▶ [What the task asks]: Of the records that follow, copy only the lines from the line containing "X0000097991482200804071138" to the line containing "Lavender Field France", both included, exactly as written.
[Supplied data Boundary: Start]
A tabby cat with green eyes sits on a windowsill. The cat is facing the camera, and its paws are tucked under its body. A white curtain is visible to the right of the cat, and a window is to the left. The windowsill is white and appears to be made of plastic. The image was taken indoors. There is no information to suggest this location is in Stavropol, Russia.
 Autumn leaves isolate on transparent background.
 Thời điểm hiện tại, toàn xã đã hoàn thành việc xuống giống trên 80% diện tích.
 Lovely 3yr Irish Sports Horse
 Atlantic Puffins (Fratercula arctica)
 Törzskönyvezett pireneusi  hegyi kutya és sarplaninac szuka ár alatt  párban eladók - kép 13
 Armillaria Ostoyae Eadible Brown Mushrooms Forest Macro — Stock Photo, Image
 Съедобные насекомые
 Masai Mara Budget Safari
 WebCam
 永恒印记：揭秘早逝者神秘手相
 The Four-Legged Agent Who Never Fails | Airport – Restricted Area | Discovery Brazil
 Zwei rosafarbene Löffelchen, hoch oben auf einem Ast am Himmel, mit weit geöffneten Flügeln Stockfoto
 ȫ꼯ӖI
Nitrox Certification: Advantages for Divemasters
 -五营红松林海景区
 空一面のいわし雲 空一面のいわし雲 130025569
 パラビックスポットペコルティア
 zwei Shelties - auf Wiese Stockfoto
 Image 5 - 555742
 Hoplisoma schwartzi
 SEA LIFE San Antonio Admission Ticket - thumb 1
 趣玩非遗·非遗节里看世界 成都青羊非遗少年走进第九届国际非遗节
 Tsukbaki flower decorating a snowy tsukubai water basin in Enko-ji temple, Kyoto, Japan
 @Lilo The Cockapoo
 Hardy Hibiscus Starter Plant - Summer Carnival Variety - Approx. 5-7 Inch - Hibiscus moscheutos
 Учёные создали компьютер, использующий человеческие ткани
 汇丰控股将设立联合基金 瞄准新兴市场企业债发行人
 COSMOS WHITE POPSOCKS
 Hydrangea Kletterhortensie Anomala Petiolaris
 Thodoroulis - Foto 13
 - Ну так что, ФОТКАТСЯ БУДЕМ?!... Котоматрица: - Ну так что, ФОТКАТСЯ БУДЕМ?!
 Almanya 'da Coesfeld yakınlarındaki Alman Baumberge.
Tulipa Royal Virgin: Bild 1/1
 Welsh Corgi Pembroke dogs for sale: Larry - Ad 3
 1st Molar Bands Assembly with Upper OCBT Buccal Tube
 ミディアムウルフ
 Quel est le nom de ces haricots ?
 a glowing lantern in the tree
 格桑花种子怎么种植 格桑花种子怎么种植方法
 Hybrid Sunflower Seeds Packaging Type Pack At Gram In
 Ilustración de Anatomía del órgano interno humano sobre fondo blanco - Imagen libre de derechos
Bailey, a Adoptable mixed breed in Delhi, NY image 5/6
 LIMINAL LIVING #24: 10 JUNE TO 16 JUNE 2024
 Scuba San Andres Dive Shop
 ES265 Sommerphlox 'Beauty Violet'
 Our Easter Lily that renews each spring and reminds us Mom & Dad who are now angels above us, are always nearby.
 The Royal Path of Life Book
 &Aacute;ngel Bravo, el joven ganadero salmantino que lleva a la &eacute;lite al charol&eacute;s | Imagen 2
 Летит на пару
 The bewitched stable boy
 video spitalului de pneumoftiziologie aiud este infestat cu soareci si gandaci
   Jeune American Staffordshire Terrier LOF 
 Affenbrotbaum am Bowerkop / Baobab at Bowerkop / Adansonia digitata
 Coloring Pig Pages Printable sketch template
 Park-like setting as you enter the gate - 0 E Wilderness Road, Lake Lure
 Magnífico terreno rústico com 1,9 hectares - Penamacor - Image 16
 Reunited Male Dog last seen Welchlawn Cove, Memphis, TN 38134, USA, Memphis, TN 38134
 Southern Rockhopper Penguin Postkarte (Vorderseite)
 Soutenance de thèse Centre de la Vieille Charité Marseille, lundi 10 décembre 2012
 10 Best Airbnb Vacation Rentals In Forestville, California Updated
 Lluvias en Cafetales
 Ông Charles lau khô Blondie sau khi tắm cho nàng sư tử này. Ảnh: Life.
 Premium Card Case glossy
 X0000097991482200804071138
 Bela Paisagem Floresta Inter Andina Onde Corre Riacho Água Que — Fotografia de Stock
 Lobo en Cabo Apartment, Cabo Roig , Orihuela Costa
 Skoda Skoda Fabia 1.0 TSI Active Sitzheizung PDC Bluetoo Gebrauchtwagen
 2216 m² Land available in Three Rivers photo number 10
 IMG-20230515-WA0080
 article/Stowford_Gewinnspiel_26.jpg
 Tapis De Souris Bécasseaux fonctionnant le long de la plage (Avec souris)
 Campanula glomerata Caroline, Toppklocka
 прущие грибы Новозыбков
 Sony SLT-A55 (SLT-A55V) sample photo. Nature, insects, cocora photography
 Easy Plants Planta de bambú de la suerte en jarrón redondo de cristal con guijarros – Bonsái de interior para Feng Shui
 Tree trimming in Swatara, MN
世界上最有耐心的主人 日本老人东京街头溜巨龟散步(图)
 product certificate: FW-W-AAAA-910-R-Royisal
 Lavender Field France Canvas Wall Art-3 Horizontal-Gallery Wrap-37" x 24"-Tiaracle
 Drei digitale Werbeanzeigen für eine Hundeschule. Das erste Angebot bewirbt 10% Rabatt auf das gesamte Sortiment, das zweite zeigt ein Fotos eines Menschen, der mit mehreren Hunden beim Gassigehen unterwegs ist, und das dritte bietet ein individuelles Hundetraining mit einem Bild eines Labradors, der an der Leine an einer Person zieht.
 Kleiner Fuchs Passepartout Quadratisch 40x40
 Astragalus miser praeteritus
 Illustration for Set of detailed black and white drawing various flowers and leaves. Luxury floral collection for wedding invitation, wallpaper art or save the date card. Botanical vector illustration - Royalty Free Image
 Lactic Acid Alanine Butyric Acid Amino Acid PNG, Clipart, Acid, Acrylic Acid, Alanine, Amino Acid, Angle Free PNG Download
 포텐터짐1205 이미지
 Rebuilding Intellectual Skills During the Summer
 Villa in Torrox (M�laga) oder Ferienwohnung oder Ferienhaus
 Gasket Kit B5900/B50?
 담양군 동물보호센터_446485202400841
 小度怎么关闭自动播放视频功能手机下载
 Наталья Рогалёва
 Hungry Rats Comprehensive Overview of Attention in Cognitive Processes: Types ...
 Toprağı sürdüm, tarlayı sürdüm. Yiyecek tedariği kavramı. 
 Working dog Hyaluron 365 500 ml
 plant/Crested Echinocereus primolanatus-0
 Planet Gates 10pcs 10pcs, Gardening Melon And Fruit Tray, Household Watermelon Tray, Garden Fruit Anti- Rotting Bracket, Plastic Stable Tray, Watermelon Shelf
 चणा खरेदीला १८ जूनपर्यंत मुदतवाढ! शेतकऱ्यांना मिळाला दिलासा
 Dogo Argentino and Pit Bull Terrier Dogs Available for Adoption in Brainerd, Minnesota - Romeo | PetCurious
[Supplied data Boundary: End]
▶ [Exercise response]:
 X0000097991482200804071138
 Bela Paisagem Floresta Inter Andina Onde Corre Riacho Água Que — Fotografia de Stock
 Lobo en Cabo Apartment, Cabo Roig , Orihuela Costa
 Skoda Skoda Fabia 1.0 TSI Active Sitzheizung PDC Bluetoo Gebrauchtwagen
 2216 m² Land available in Three Rivers photo number 10
 IMG-20230515-WA0080
 article/Stowford_Gewinnspiel_26.jpg
 Tapis De Souris Bécasseaux fonctionnant le long de la plage (Avec souris)
 Campanula glomerata Caroline, Toppklocka
 прущие грибы Новозыбков
 Sony SLT-A55 (SLT-A55V) sample photo. Nature, insects, cocora photography
 Easy Plants Planta de bambú de la suerte en jarrón redondo de cristal con guijarros – Bonsái de interior para Feng Shui
 Tree trimming in Swatara, MN
世界上最有耐心的主人 日本老人东京街头溜巨龟散步(图)
 product certificate: FW-W-AAAA-910-R-Royisal
 Lavender Field France Canvas Wall Art-3 Horizontal-Gallery Wrap-37" x 24"-Tiaracle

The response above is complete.